In England, the show has really become popular and has been elevated to kind of Seinfeld levels, where the catchphrases from the show such as: “This is a lovely bit of squirrel,” and “Shalom Jackie,” (which people have actually TATTOOED on themselves in England) are very popular in the culture there and tossed around with great regularity. I know this because I have been researching and reading and reading and reading about this crazy show. Go ahead and Google “Shalom Jackie” if you don’t believe me. This makes me happy because it comes at a time when the world is experiencing a huge rise in antisemitism.
They are about to do a tenth-year anniversary special on British TV to celebrate it, and fans are demanding another season, though the actors are a bit tired of the old schtick. They’ve kind of jumped the shark a bit already, and some of the cast are ready to hang it up. But the point is that this show is beloved. They even had a national contest to rank the best episodes. Many of the winning episodes matched my own. In the beginning, I thought it was my little discovery, but I was wrong. It is a hit show, and popular with people who like or love this crazy brand of British slapstick. Apparently, there is an awful lot of us.

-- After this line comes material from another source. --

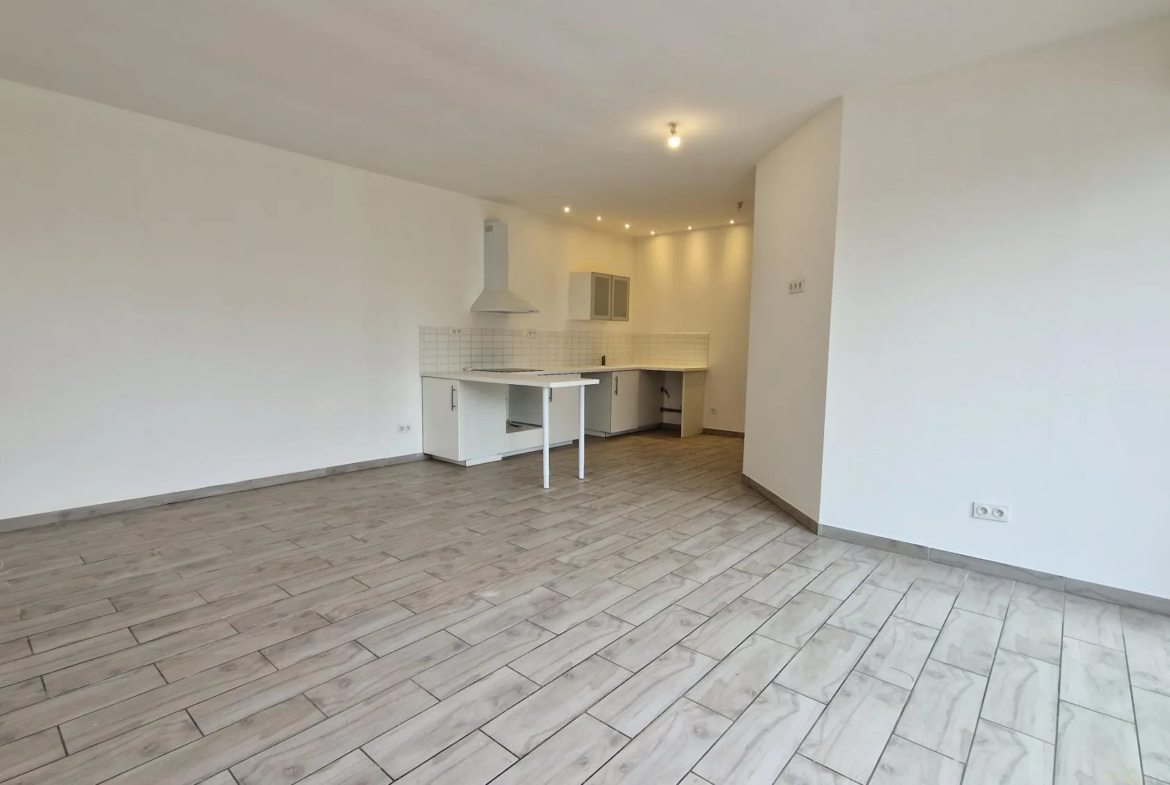 Appartement de 90,40 m² à vendre à Bollène, 3 chambres et grande terrasse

And now, if you are still interested and want to try out some of the funniest episodes, here are ones you should not miss. One more thing: I encourage watching a few first episodes of this first season to understand the characters being set up. The best episodes cannot be appreciated if you do not understand the cast of characters first. Also, keep in mind that my favorites do not include anything from Season 5 or 6 because these are not available for viewing yet in the US.
So here they are:
First, my top three which matched a national contest in England
Now – in season order the ones that are must see.
Season I – Episode 3 – “The Curtains” Grandma’s visit. Drunk Dog alert
Season I – Episode 5 – “The Mercedes” – Grandmom again! Love of Chinese food!
Season I – Episode 6 – “The Date” – Embarassing Baby Photos
Season II – Episode 2 (8th in series) “Mr. Morris.” He is even crazier.
Season II – Episode 6 – “The Mouse” Finally Neighbor wrangles an invitation and his ultimate crush fantasy is realized with the Kiss of Life
Season III – Episode 2 – “The Fox” – DO NOT MISS THIS – my very favorite
Season III – Episode 3 – “Mr. Morris Returns.
Season III – Episode 5 – “The Piano” – Funniest part is the quantities of Food and other items, as Dad discovers a Costco type store. Pay close attention, the Piano is not the funny part.
Season III – Episode 6 – “The Big Day” The. Wedding. Dress.
Season II – Episode 5 – “The Yoghurts” – threw this one in due to some of the physical comedy and mix-ups
Season IV – Episode 4 – “The Pyjamas” Toenails. That is all I have to say
Season IV – the rest of the episodes.
Okay, back to me, let me know what you think and enjoy some good belly laughs.